While Sisi still enjoys a fair bit of popularity, that popular support must be contextualized in a media environment in which virtually all personal criticism of him is prohibited. It is conceivable, even likely, that two months of sustained criticism from any real opposition—to say nothing of a major national figure with military bona fides, such as Anan or Shafiq—could seriously damage Sisi’s unchallenged popularity, as well as the institution of the armed forces, which has deepened its grip on the state and the country’s economy since the 2013 coup.

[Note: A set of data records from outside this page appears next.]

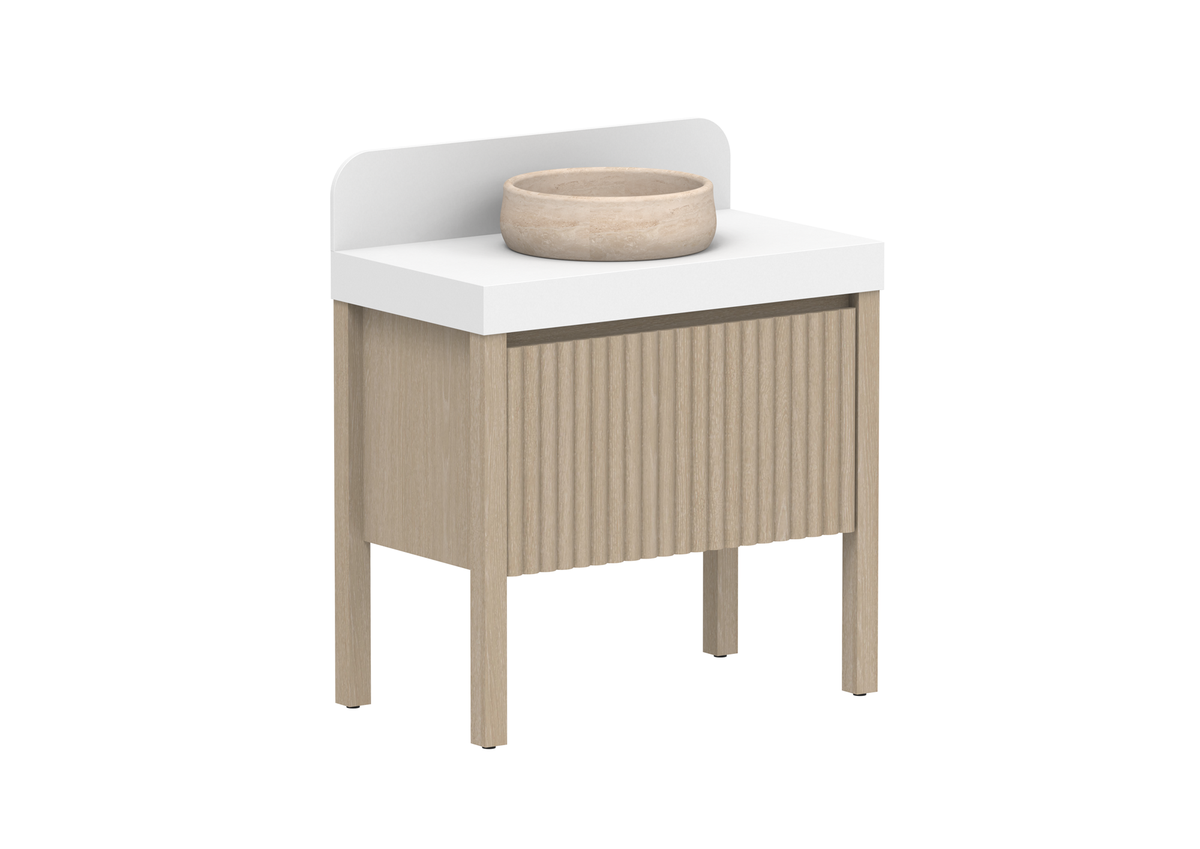 Harper Vanity, Harper 900 With Legs (Floor Mount)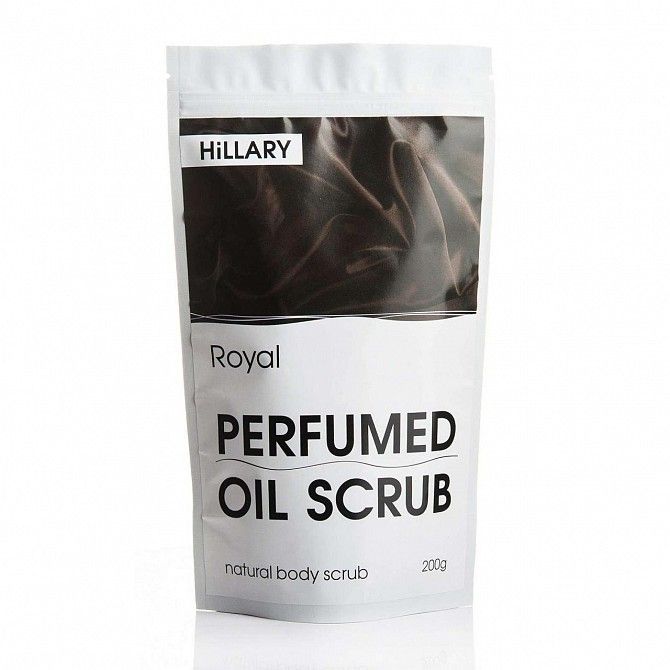 Скраб для тела парфюмированный Hillary Perfumed Oil Scrub Royal, 200 гр SKL13-131380 Київ - изображение 1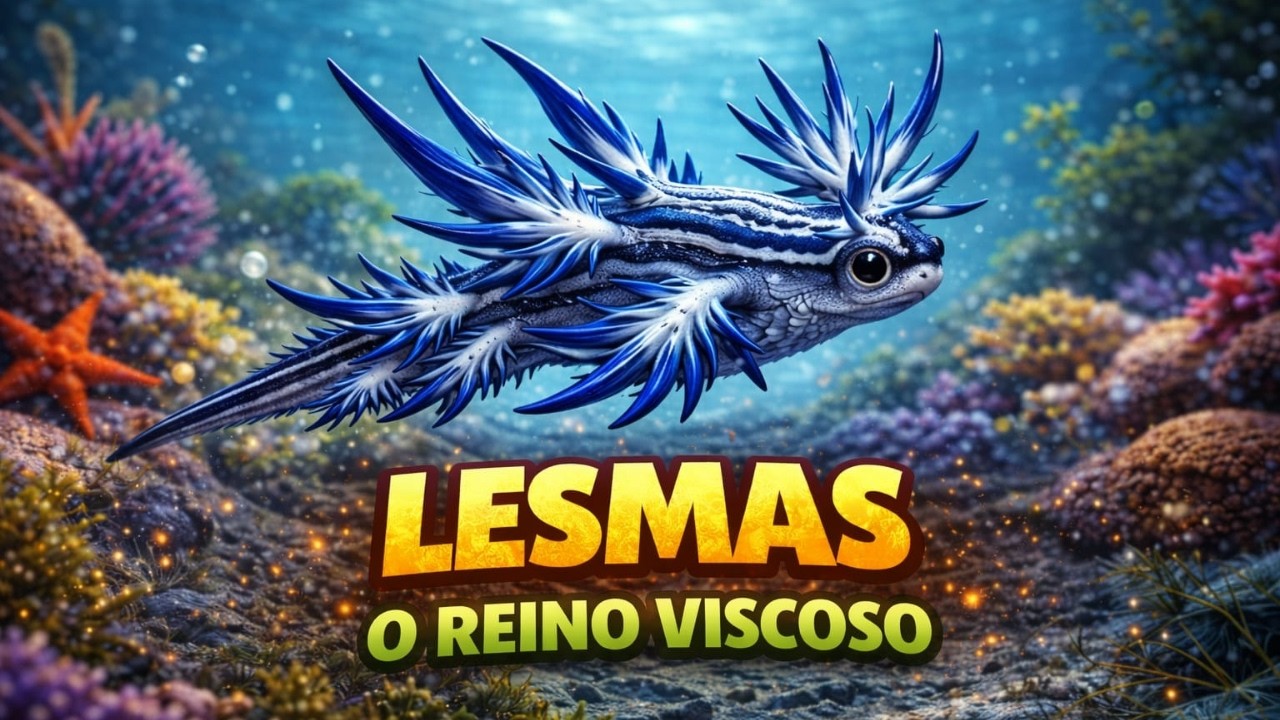 ​O ALIENÍGENA DO JARDIM! 5 Lesmas Tão Estranhas que Não Parecem Reais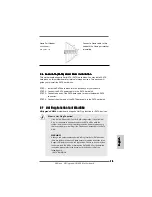 Preview for 15 page of ASROCK K8UPGRADE-VM - Installation Manual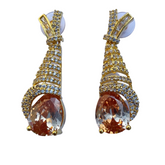 Pearl Style Zircon Earrings - Signature Series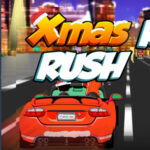 Xmas Rush: Christmas Car Racing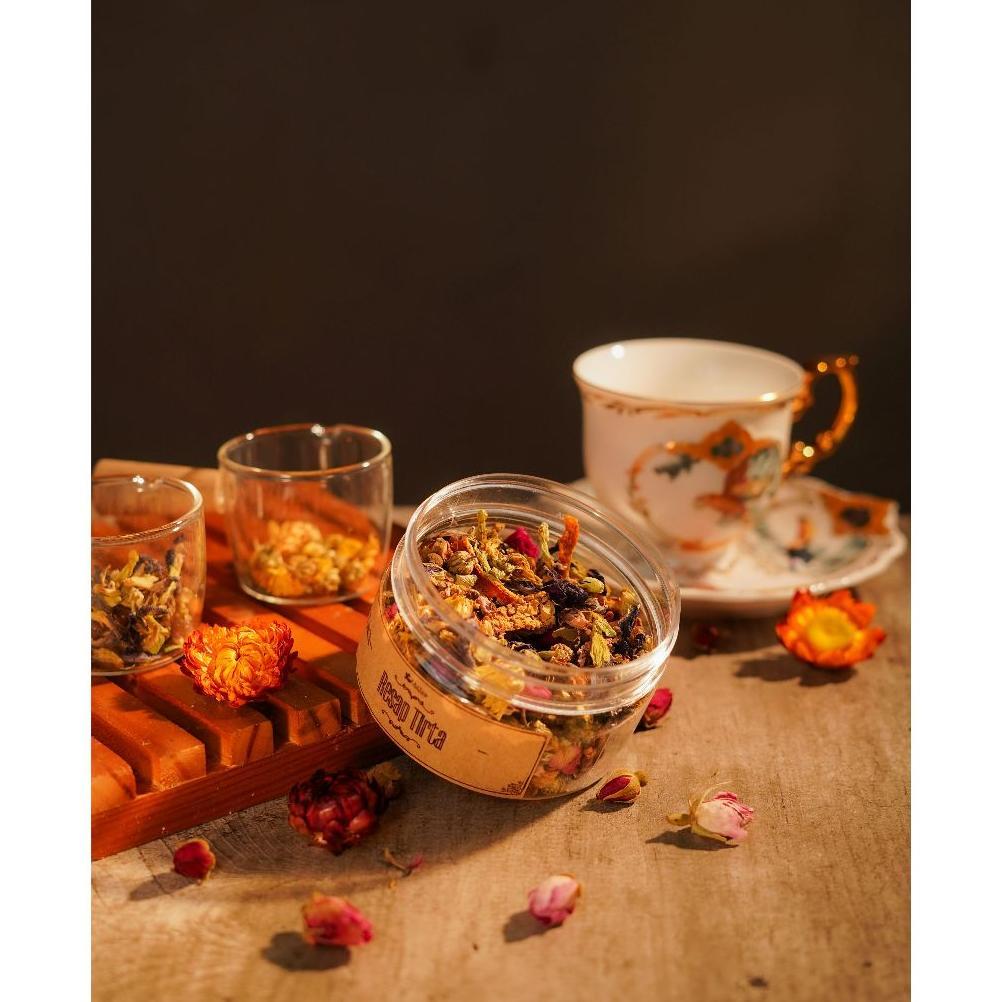 Resap Tirta Ginjal, Diuretik & Detox Ringan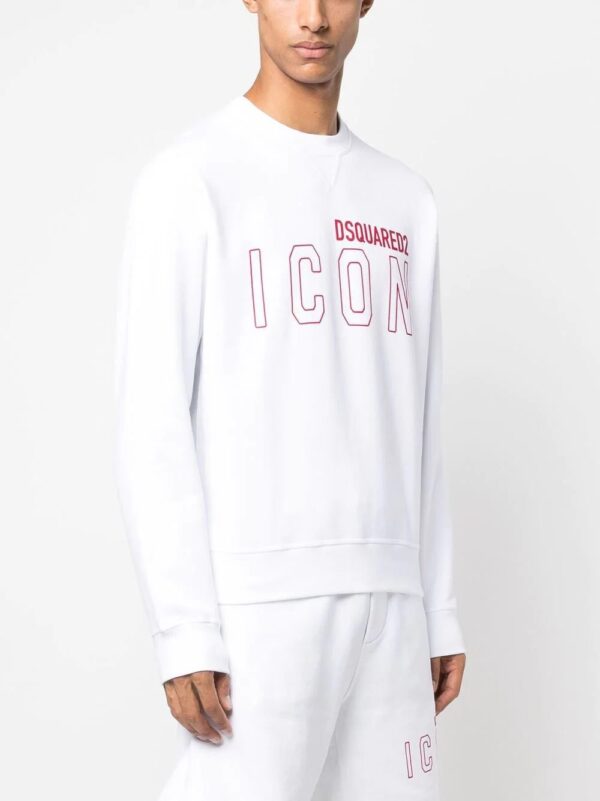 Dsquared2  Icon logo-print sweatshirt - Image 3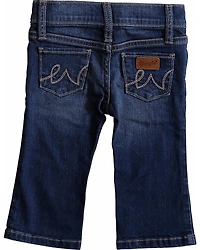 Wrangler Toddler Girls' Western 5 Pocket Skinny Jeans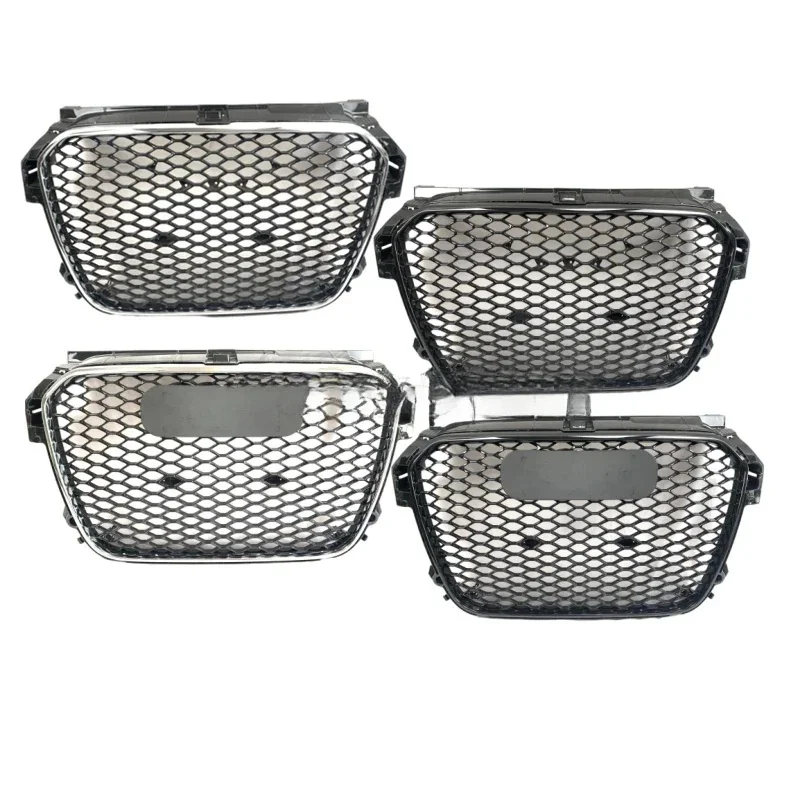 Sport Style Front Grille, Compatible with A Series, Auto Exterior Tuning Upgrade Replacement Parts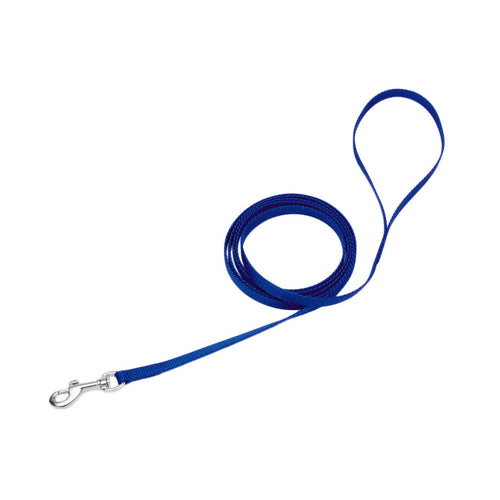 Coastal - Single-Ply Dog Leash, Blue, 1
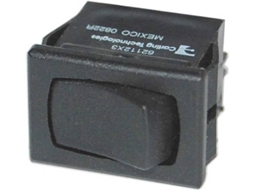 Interruptor BLUE SEA Rocker Switch Dpdt Mom On/Off Preto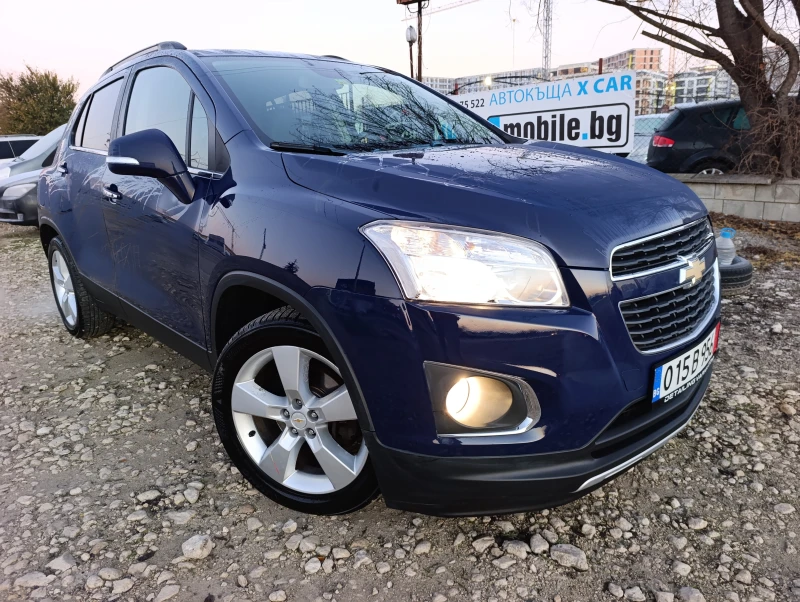 Chevrolet Trax 1.4Т 4x4, снимка 3 - Автомобили и джипове - 52825970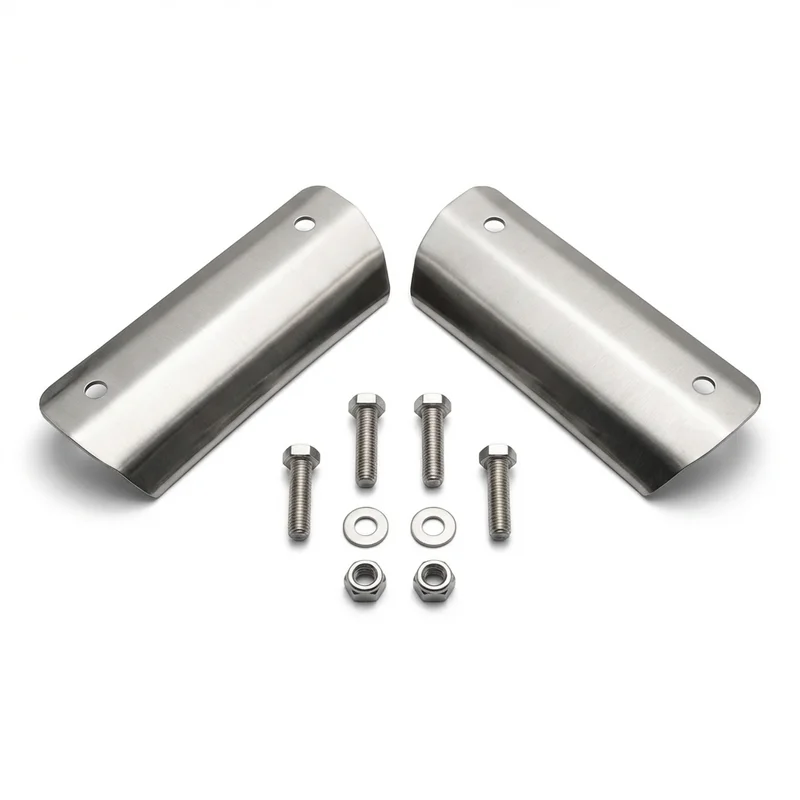Stainless Steel Mounting Bracket Kit for Saab 9-4X (2011 - 2011) - 1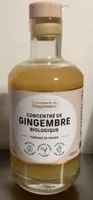 Concentré de Gingembre Biologique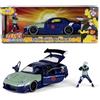 Jada Toys NARUTO - Kakashi Hatake & 1993 Mazda RX-7-1:24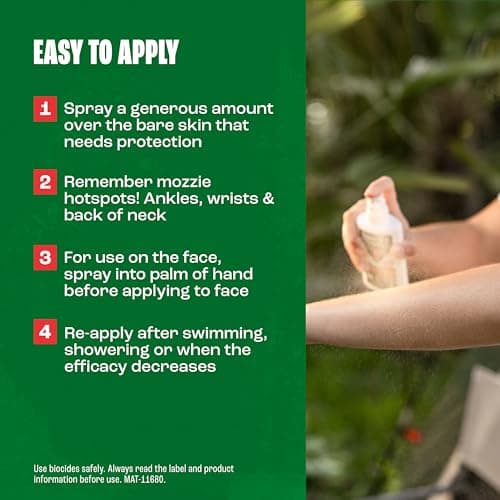 Jungle Formula Dry Protect DEET-Free Insect Repellent Aerosol 125ml — view 5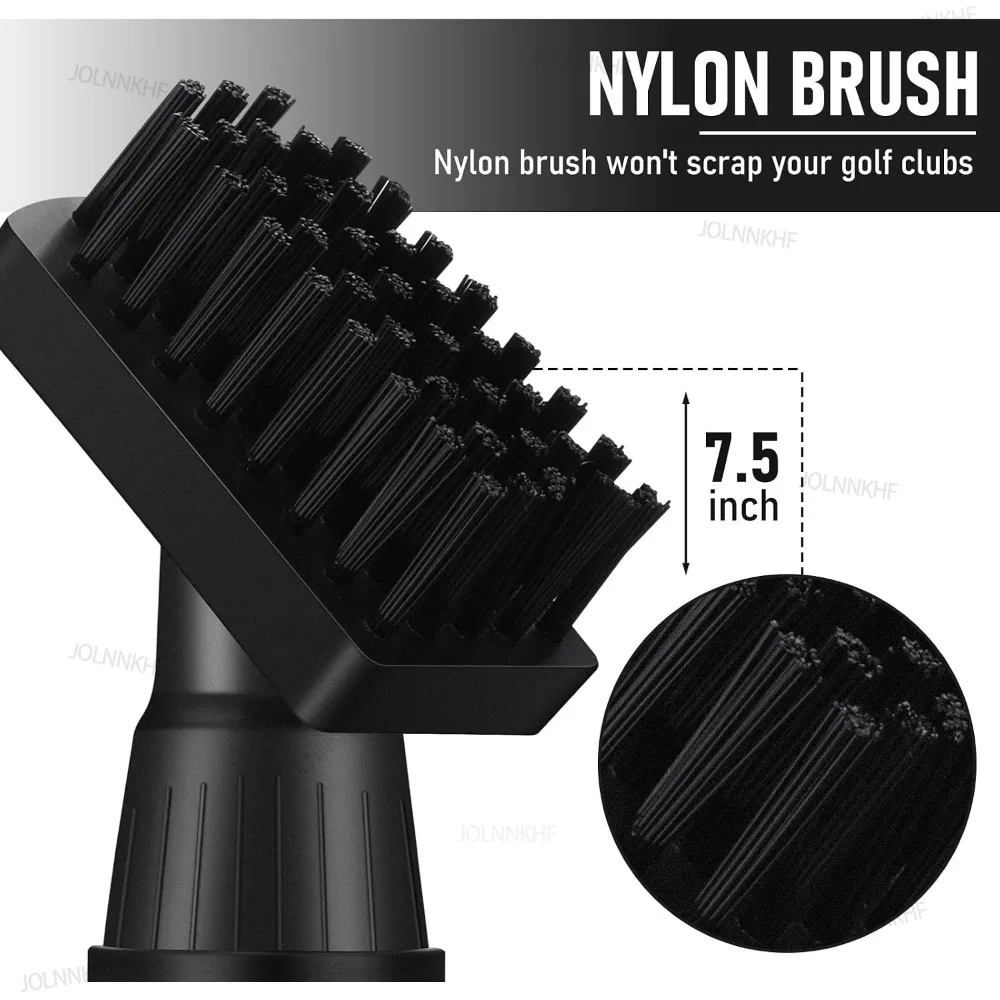 Golf Club Cleaner Groove Tube 1-5Pcs Golf Brush with Leakproof Reservoir Portable Groove Cleaning Brush Golf Accessories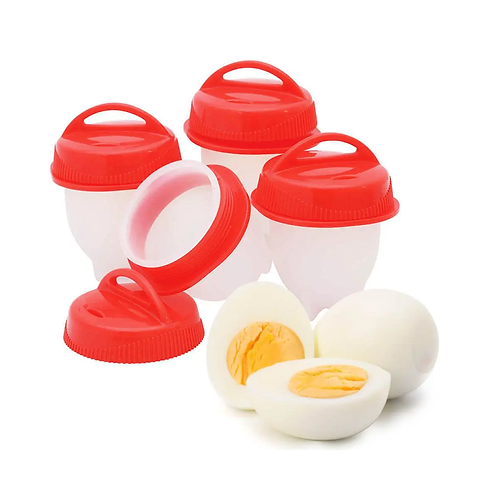 Kit 6 Formas de Silicone para Ovos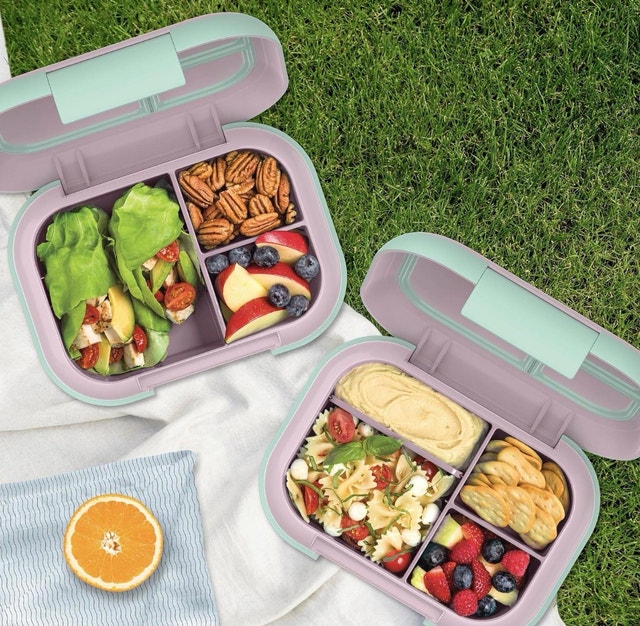 Bentgo Chill Max XL Leak-Proof Lunch Box 2pk (Lilac Mint) - photo 2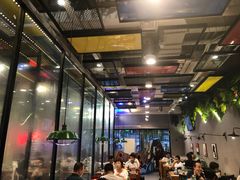 大堂-阿记烧烤(大兴新区店)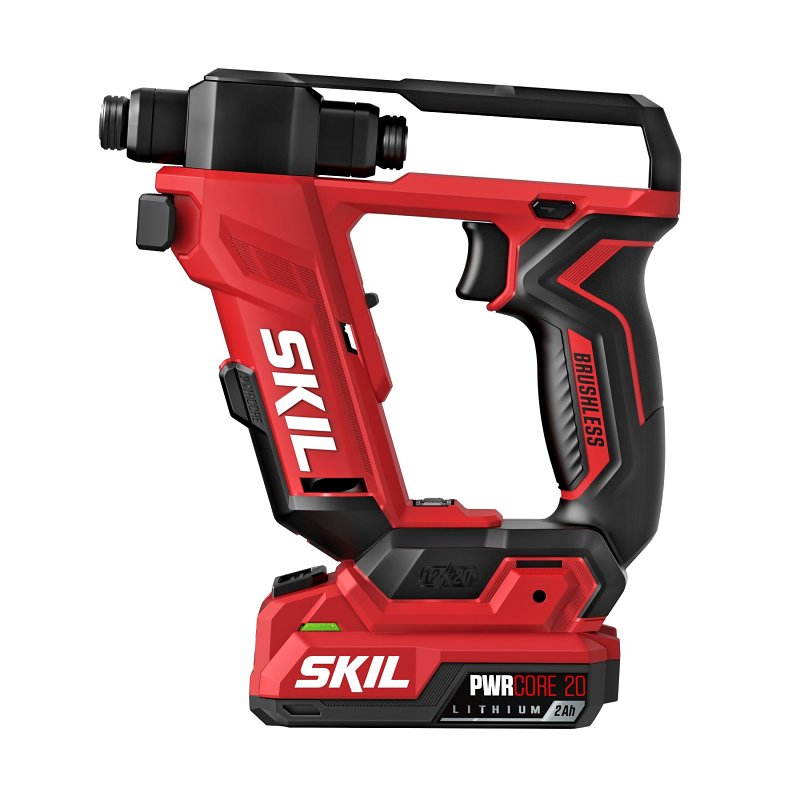 SKIL Skil DL6300D-12 Flip Drill, Battery Included, 12, 20 V, 2 Ah, 1/4 in Chuck, Hex Collet Chuck TOOLS SKIL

To some, the harsh measures taken by the government against the candidates—to say nothing of the firings of Mostafa Hegazy, armed forces chief of staff, and Khaled Fawzy, director of the General Intelligence Agency— are indications that there exist serious internal threats to Sisi’s rule. While it is difficult to verify anything in that black box, it is important to consider the opposite. It is almost certainly the case that, in a regime as expansive as the one that rules Egypt, there will be differences of opinion and individuals critical to aspects of Sisi’s rule; however, it seems that, for the time being, those internal critics neither have the organization nor the weight to do anything about their misgivings. Sisi and his circle have successfully removed these high-ranking members and imprisoned a former armed forces chief of staff with little cost thus far. Rather than a sign of internal chaos, it could be a sign of consolidation. At the very least, the image that Sisi and his backers seek to project through these actions is that of consolidation.
It seems possible that, following this vote, the repression in Egypt may expand. Already the rhetoric against the press, particularly the foreign press, has intensified, with the prosecutor-general claiming that critical members of the press are aligned with the “forces of evil” and that fake news was designed to “undermine state security” and “terrorize citizens.” The foreign press corps has been scolded repeatedly by State Information Services over their unfavorable coverage of the election and just last month a longtime member of the foreign press corps, Bel Trew of the Times of London, was deported. It is possible that following the election, an emboldened government may move to up the ante in its repression of the press and target foreign correspondents more forcefully. The absence of substantial pushback from Egypt’s international partners witnessing this repression makes this more likely. Indeed, if foreign governments congratulate Sisi on his inevitable “victory” this month, it will make them complicit in this charade and encourage further repression like that which accompanied it.
In Egypt, the clearest message from this election appears to be one of intimidation to any would-be opposition that may hope to challenge Sisi, his rule, and his policies. Rather than being an opportunity for holding the government accountable, the government appears to be using this vote to remind the population that their actions and rule are not subject to popular approval. It is a culmination of Sisi’s effort to depoliticize the Egyptian public and convince them that they have no place in politics. It also seeks to show critical members of the international community that speculation about divisions in the regime or military are without merit and they have no alternative but to accept Sisi. At the same time, Sisi and his coterie may be seeking to comfort concerned foreign backers of the government and show them that political threats to Sisi’s rule have been exaggerated and that the world can be confident that they are dealing with the long-term leader of Egypt. This is a message that ties to the state’s narrative of being a source of stability in a volatile region and will also be used to comfort international financial institutions and investors who fear that popular will could compel the government to reverse or deviate from its planned economic reforms. Fundamentally, the government is saying that like him or not, Sisi is here to stay.